Items listed in a dataset:
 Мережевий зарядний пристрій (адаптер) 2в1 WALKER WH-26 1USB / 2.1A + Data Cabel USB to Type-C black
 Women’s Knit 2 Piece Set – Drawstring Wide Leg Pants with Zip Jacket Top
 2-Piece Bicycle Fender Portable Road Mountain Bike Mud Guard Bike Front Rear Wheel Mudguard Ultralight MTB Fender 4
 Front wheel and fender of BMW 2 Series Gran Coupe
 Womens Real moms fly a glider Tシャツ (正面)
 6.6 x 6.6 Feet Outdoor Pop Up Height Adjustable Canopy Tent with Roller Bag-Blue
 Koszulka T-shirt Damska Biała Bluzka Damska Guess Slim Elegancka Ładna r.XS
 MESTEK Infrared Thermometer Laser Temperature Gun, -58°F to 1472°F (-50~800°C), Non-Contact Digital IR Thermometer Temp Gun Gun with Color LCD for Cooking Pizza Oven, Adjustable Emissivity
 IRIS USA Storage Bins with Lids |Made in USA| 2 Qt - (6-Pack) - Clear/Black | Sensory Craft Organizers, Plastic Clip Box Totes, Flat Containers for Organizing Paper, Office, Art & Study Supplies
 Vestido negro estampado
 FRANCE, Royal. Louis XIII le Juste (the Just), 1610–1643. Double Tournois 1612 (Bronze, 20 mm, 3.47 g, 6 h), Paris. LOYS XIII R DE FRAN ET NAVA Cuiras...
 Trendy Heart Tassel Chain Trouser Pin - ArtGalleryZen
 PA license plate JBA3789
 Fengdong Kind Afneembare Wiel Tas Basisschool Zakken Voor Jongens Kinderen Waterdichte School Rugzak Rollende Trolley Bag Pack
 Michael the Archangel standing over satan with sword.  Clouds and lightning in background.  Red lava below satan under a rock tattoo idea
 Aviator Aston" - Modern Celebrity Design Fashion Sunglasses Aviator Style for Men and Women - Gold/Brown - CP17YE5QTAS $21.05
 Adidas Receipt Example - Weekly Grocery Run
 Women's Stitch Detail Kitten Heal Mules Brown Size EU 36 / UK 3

◆ YOUR INSTRUCTIONS: Word for word, restate the lines above from the line containing "Front wheel and" through the line containing "Vestido negro estampado", with both included and nothing else.

◆ RESULT FOR THIS TASK:
 Front wheel and fender of BMW 2 Series Gran Coupe
 Womens Real moms fly a glider Tシャツ (正面)
 6.6 x 6.6 Feet Outdoor Pop Up Height Adjustable Canopy Tent with Roller Bag-Blue
 Koszulka T-shirt Damska Biała Bluzka Damska Guess Slim Elegancka Ładna r.XS
 MESTEK Infrared Thermometer Laser Temperature Gun, -58°F to 1472°F (-50~800°C), Non-Contact Digital IR Thermometer Temp Gun Gun with Color LCD for Cooking Pizza Oven, Adjustable Emissivity
 IRIS USA Storage Bins with Lids |Made in USA| 2 Qt - (6-Pack) - Clear/Black | Sensory Craft Organizers, Plastic Clip Box Totes, Flat Containers for Organizing Paper, Office, Art & Study Supplies
 Vestido negro estampado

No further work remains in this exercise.